• [Your objective] Every line below must be copied as written, except for pictures.

• [Recorded data]

= = = = =

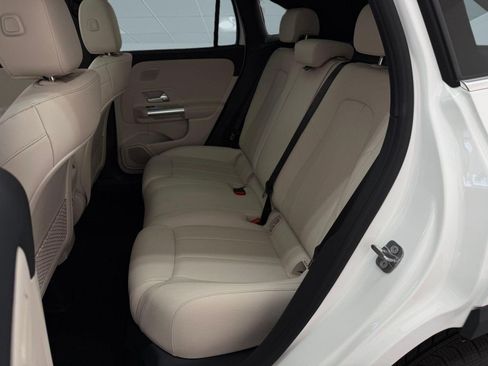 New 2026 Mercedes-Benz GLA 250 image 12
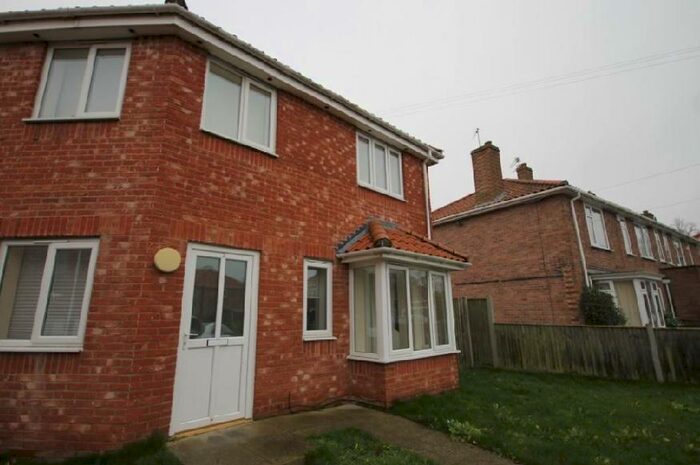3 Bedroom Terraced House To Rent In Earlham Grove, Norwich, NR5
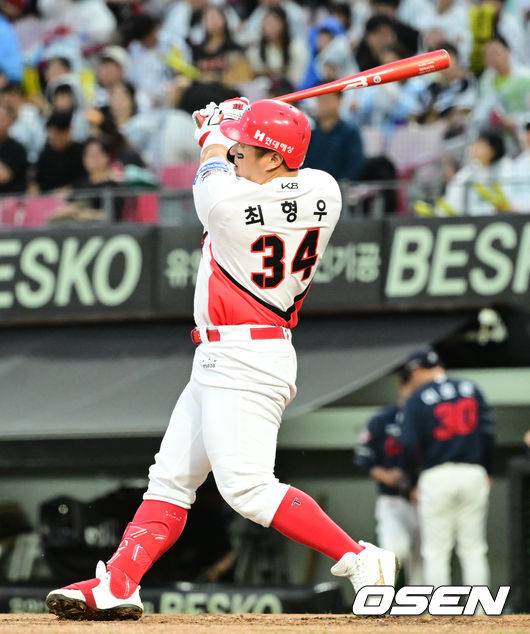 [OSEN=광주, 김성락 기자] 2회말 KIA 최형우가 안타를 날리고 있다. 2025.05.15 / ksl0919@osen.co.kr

= = = = =

• [Written solution]
 New 2026 Mercedes-Benz GLA 250 image 12
3 Bedroom Terraced House To Rent In Earlham Grove, Norwich, NR5
 [OSEN=광주, 김성락 기자] 2회말 KIA 최형우가 안타를 날리고 있다. 2025.05.15 / ksl0919@osen.co.kr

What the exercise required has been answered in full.